Measurement-calibrated Graph Models for Social Network Experiments

Alessandra Sala

Lili Cao

Christo Wilson

Robert Zablit

Haitao Zheng

Ben Y. Zhao

*Proceedings of the 19th International World Wide Web Conference (WWW 2010)
*

[Full Text in GZIP PS
Format, 337KB]

[Full Text in PDF Format,
527KB]

[Code and Instructions]

Paper Abstract

Access to realistic, complex graph datasets is critical to research on social networking systems and applications. Simulations on graph data provide critical evaluation of new systems and applications ranging from community detection to spam filtering and social web search. Due to the high time and resource costs of gathering real graph datasets through direct measurements, researchers are anonymizing and sharing a small number of valuable datasets with the community. However, performing experiments using shared real datasets faces three key disadvantages: concerns that graphs can be de-anonymized to reveal private information, increasing costs of distributing large datasets, and that a small number of available social graphs limits the statistical confidence in the results.

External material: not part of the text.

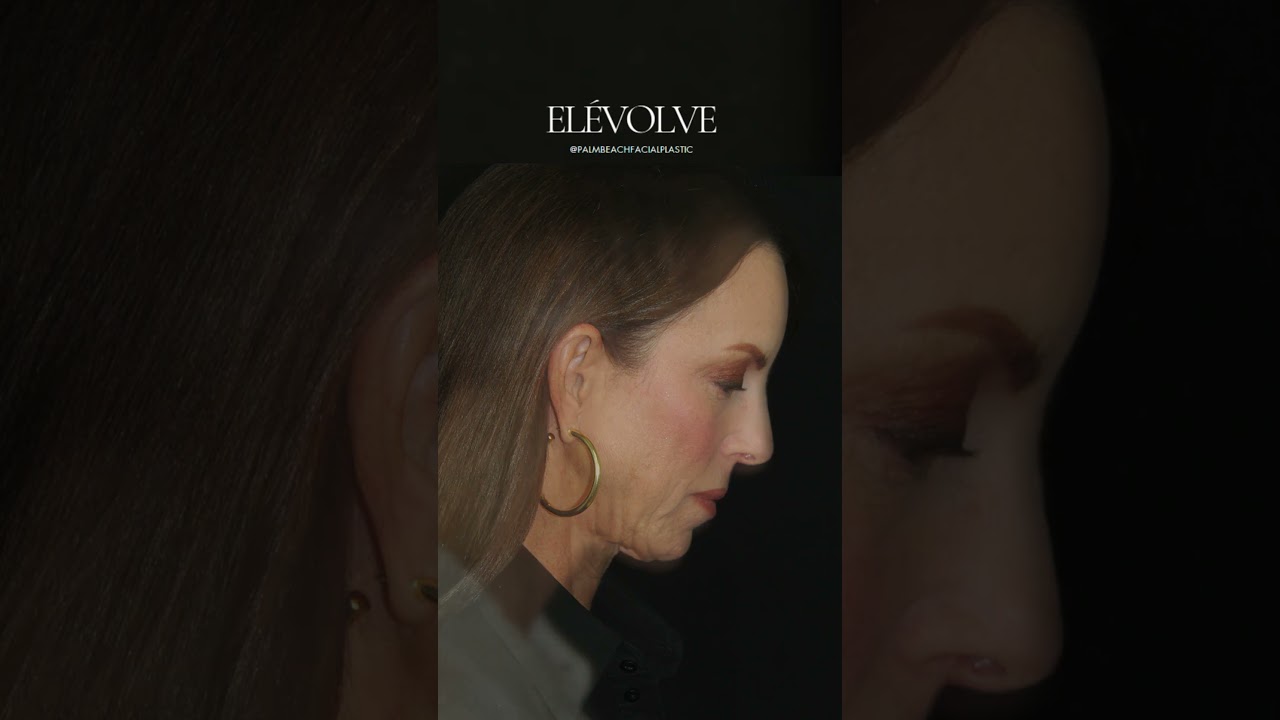 Elevate your glow with Elévolve here only at Palm Beach Facial Plastic!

The use of measurement-calibrated graph models is an attractive alternative to
sharing datasets. Researchers can "fit" a graph model to a real social
graph, extract a set of model parameters, and use them to generate multiple
synthetic graphs statistically similar to the original graph. While
numerous graph models have been proposed, it is unclear if they can produce
synthetic graphs that accurately match the properties of the original
graphs. In this paper, we explore the feasibility of measurement-calibrated
synthetic graphs using six popular graph models and a variety of real
social graphs gathered from the Facebook social network ranging from 30,000
to 3 million edges. We find that two models consistently produce synthetic
graphs with common graph metric values similar to those of the original
graphs. However, only one produces high fidelity results in our
application-level benchmarks. While this shows that graph models can
produce realistic synthetic graphs, it also highlights the fact that
current graph metrics remain incomplete, and some applications expose graph
properties that do not map to existing metrics.